In learning about them myself, I wrote a perl script to generate a Kautz graph: http://ix.io/36j/

It takes the degree as the first argument and the dimension and the second, and outputs a list of edges as <from> <to> tuples, one per line.

I still need to write the Kautz::Graph class (stubbed in the file above) to embody a full set of the Kautz nodes with the same degree and dimension parameters, and see about modifying it to generate dot so it can make a nice graphic.

How 3.6 nearly broke PostgreSQL

Posted Oct 6, 2012 8:26 UTC (Sat) by eternaleye (guest, #67051) [Link]

...And I just realized I misread my own code. It actually prints the names of the nodes, it's just that the symbols of the name are space-separated since they can be any positive integer <= degree.

Well, one more thing to remedy.

How 3.6 nearly broke PostgreSQL

Posted Oct 6, 2012 8:45 UTC (Sat) by eternaleye (guest, #67051) [Link]

Alright, here's a version that has a Kautz::Graph class, and prints both nodes and edges when run: http://ix.io/36k/

How 3.6 nearly broke PostgreSQL

Posted Oct 3, 2012 12:40 UTC (Wed) by andresfreund (subscriber, #69562) [Link]

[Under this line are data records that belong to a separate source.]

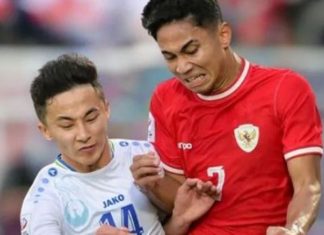 indonesia vs uzbekistan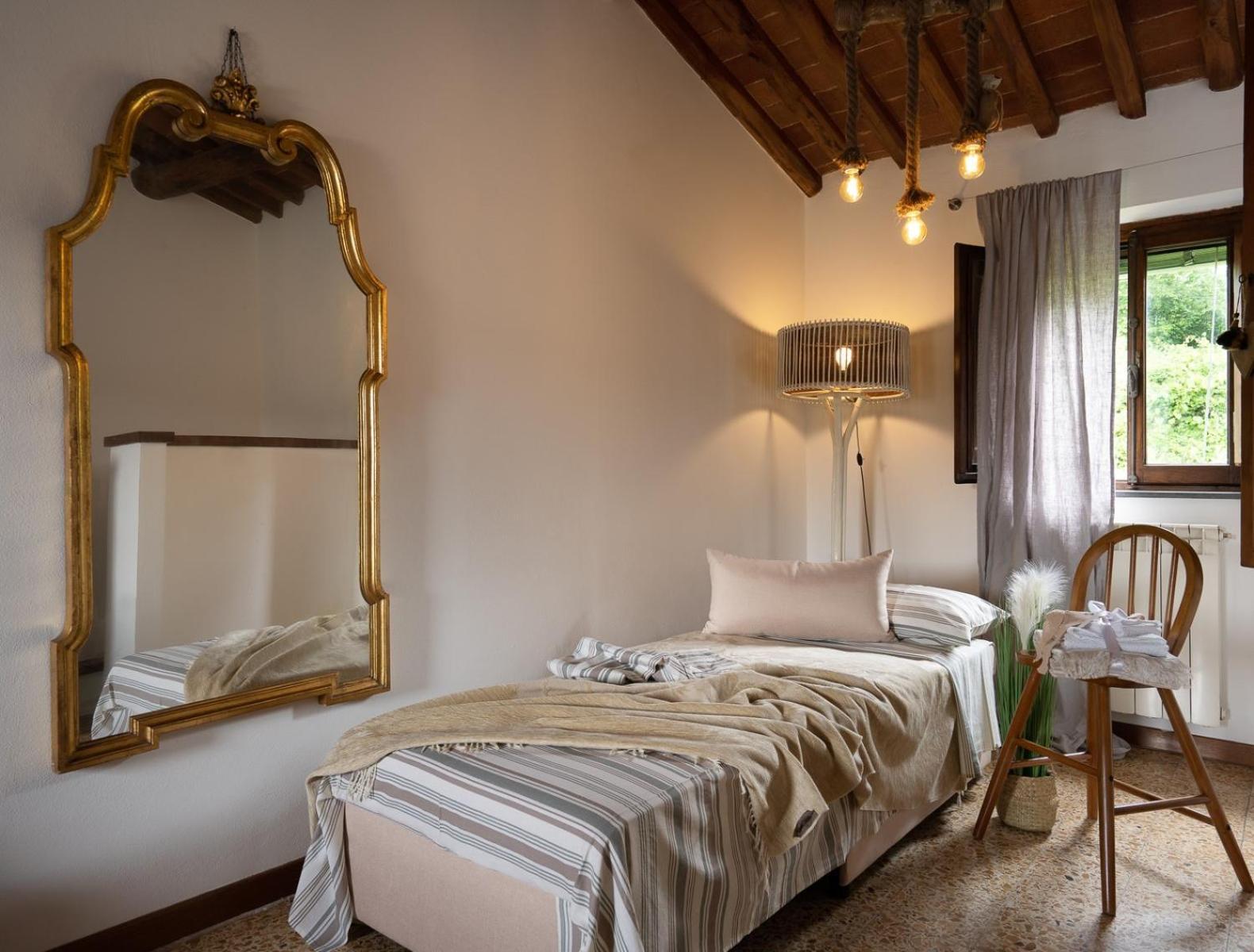 Gipsy Maisonette Lucca Exteriér fotografie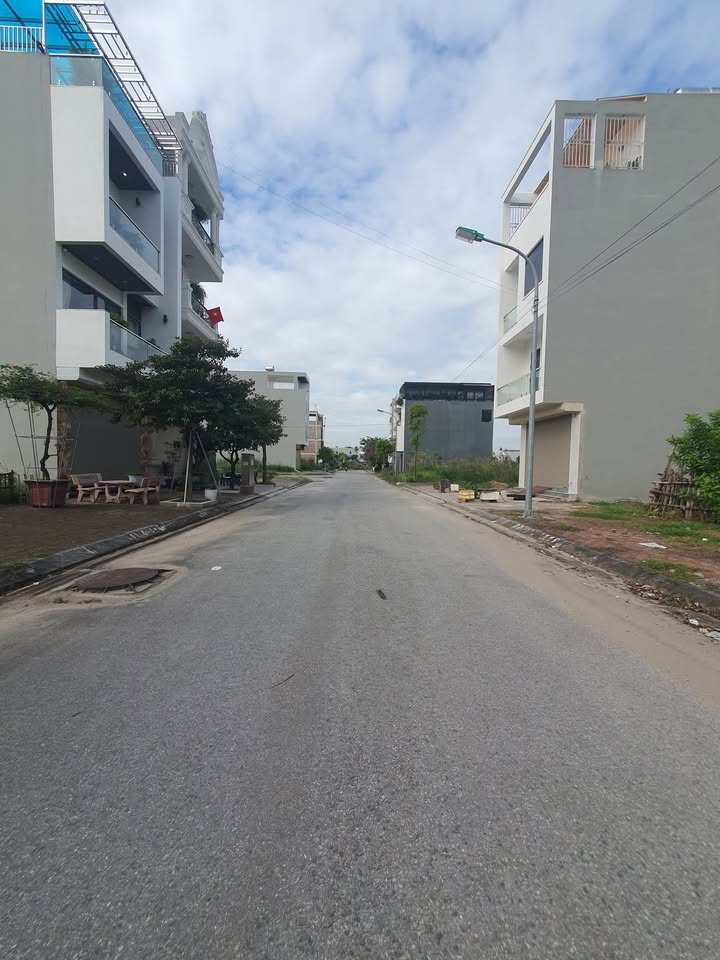 Đất nền KĐT Mỹ Trung, 75m² giá 3 tỷ - Cơ hội đầu tư tuyệt vời!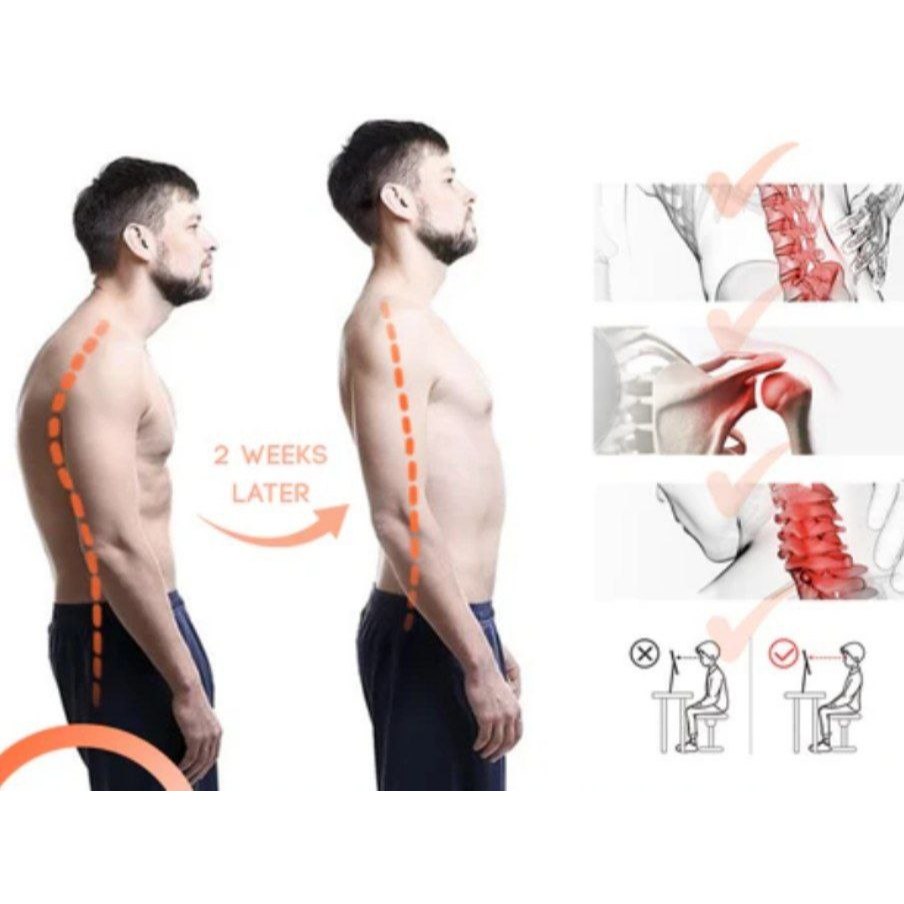 Jual Invisible Back posture orthotics | Shopee Indonesia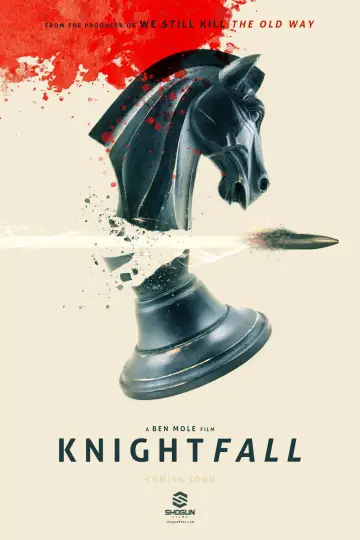 Plakat do filmu "Knightfall" #1631535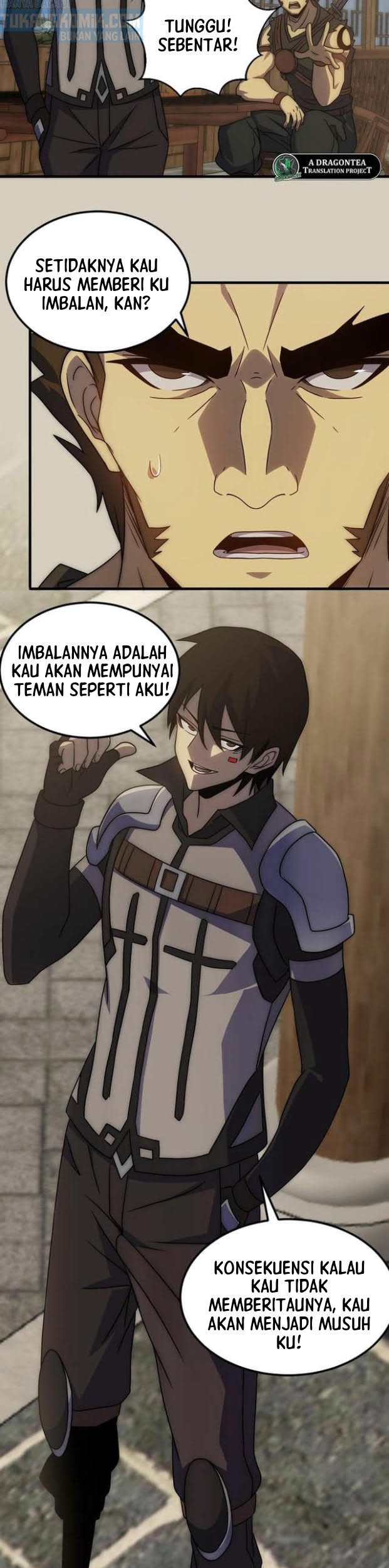 Apocalyptic Thief Bab 104 halaman 21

> Possibly even worse is that preempting the PostgreSQL dispatcher process — also more likely with Mike's patch — can slow the flow of tasks to all PostgreSQL worker processes; that, too, will hurt performance.
The thing you could describe as a dispatcher, the "postmaster" process, which forks to create individual backends after receiving a connection requests doesn't do any relevant locking. So preemting it should be mostly harmless.
There are other processes though which might have something like the effect described above. Namely the 'wal writer', 'checkpointer' (9.2+, included in bgwriter before) and bgwriter processes. Especially if you have a write intensive concurrent workload interactions between individual connection backends and the wal writer can get contended. So its somewhat likely that preemption might get painful there.

Postgres is *far* from the only application doing its own spinlock implementation and contending on the locks every now and then. I am pretty sure that if the patch had made its way into 3.6 more performane regression reports would have come in.

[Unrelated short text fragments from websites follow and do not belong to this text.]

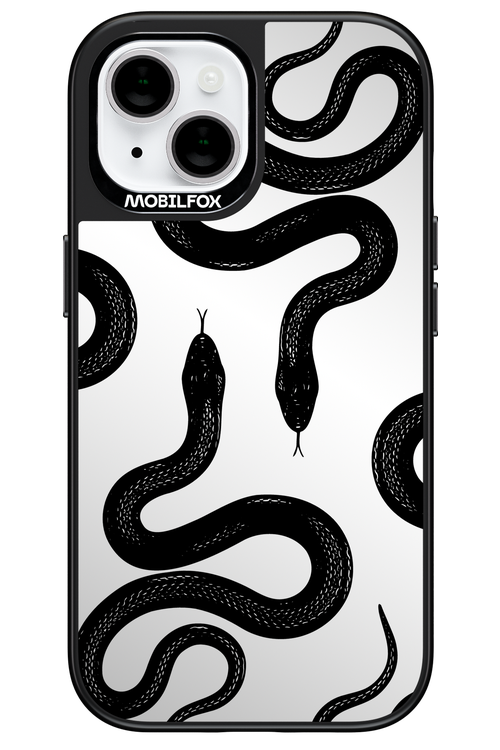 Black Mamba Mirror 2.0 - Apple iPhone 15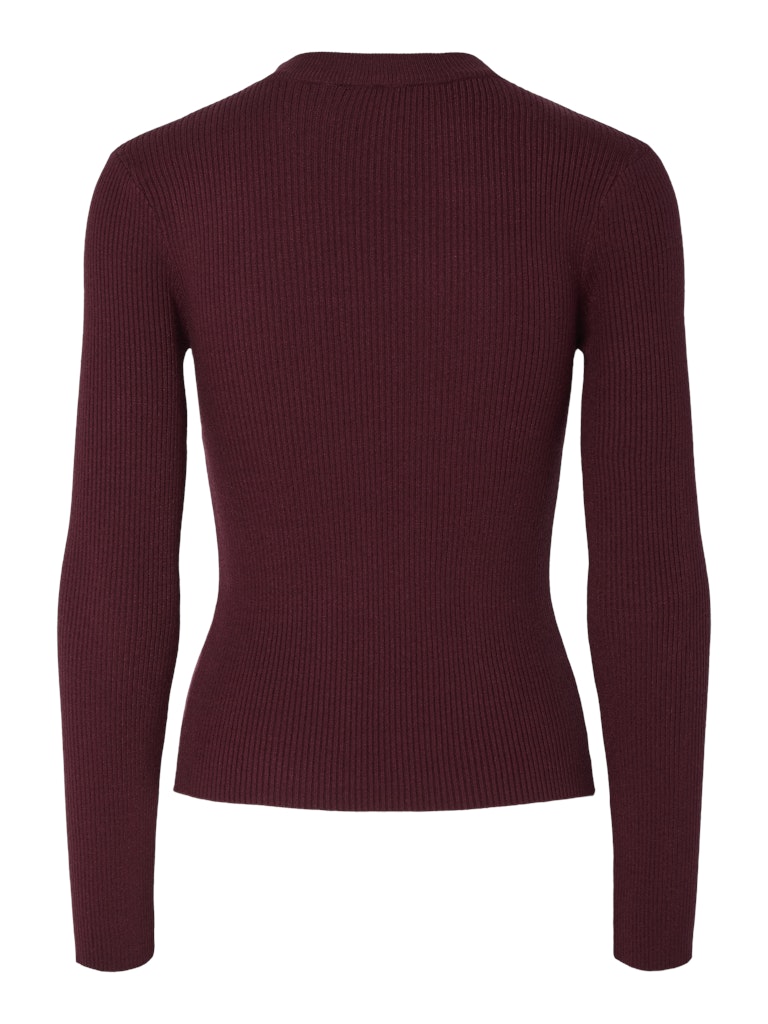 Pulls - Pcmira New Ls O-Neck Knit Noos van Pieces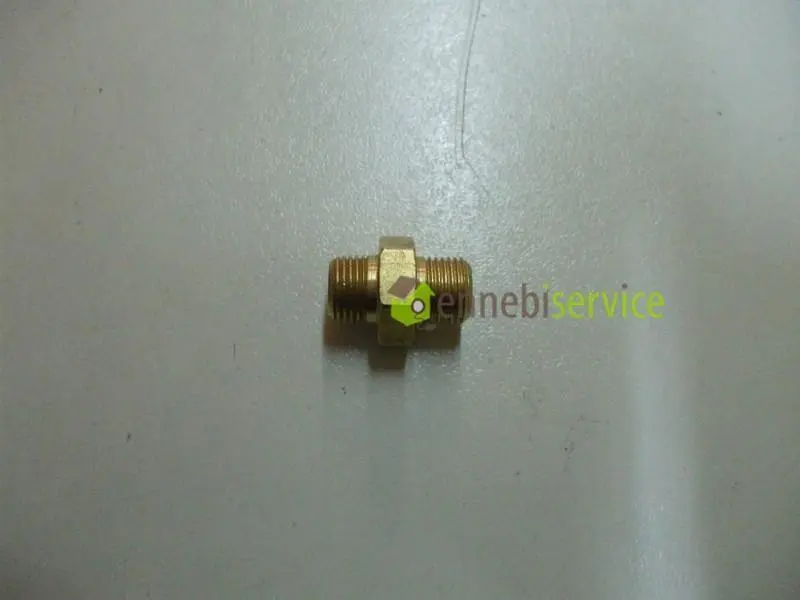 Raccordo niplo 1.8m, conico 1.8m, cindrico macchina da caffè Lelit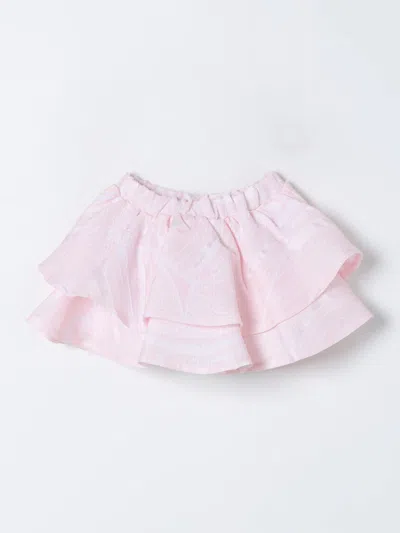 Emilio Pucci Junior Skirt  Kids Color Pink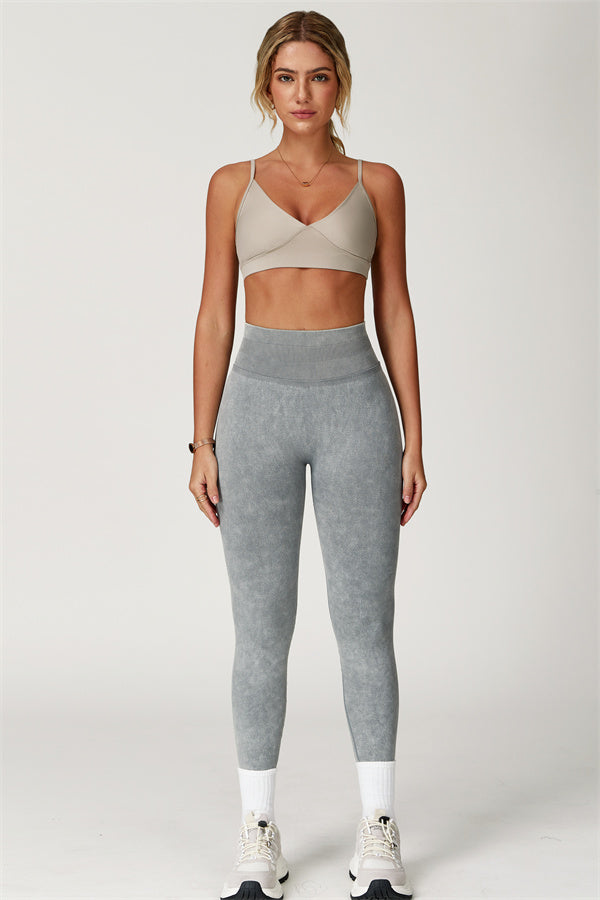The Washed Zest Legging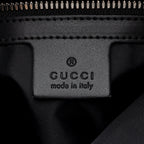 Gucci GG Supreme Canvas Drawstring Backpack (SHF-20551)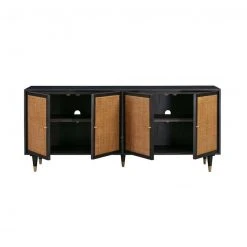 Tov Sera Noir Sideboard 6 Tov Sera Noir Sideboard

How 3.6 nearly broke PostgreSQL

Posted Oct 3, 2012 18:22 UTC (Wed) by cmccabe (guest, #60281) [Link] (2 responses)

It seems like anyone who uses pthread_spin_lock or a similar thing could run into this problem. Whenever one thread waits on another, without telling the kernel, the kernel might make a scheduling decision that ends up being suboptimal (like putting them both on the same core.)

How 3.6 nearly broke PostgreSQL

Posted Oct 3, 2012 19:09 UTC (Wed) by martinfick (subscriber, #4455) [Link]

Agreed. My limited opinion is simply that spinning is a sometimes neccessary evil; avoid it whenever possible; use a kernel supported mechanism if you expect to get consistent kernel behavior.

How 3.6 nearly broke PostgreSQL

Posted Oct 5, 2012 20:45 UTC (Fri) by jhoblitt (subscriber, #77733) [Link]

Couldn't libpthreads notify the kernel that pthread_spin_lock() is in use? You certainly wouldn't want to introduce a system call on every use but having to branch on the first use by a given pid shouldn't be too expensive.

How 3.6 nearly broke PostgreSQL

Posted Oct 11, 2012 21:29 UTC (Thu) by bbulkow (guest, #87167) [Link]

I'm somewhat pained by the "we can't make the desktop less responsive" argument.

As a high performance server author (currently http://Aerospike.com/ ), I am working hard to avoid context switch overhead in a few places. We are getting hurt by core scheduling issues - we often recommend turning off hyperthreading.

I have tried signalling to the OS heuristic I think make my server go faster. I've used sched_setscheduler(), which seemed to be effective before CFS but makes no difference in "modern" kernels.

As Linux is more beloved as a server OS, what's so bad about having known tuning parameters / API calls to change the scheduling heuristics? Is sched_setscheduler() to be avoided?

How 3.6 nearly broke PostgreSQL

Posted Oct 12, 2012 1:27 UTC (Fri) by bjmaz (guest, #87170) [Link]

Seems to me a solution to this problem could be to dedicate a core to scheduling. This, of course, would assume a many-core, homogenous system. The scheduler could then keep track of free resources/running processes.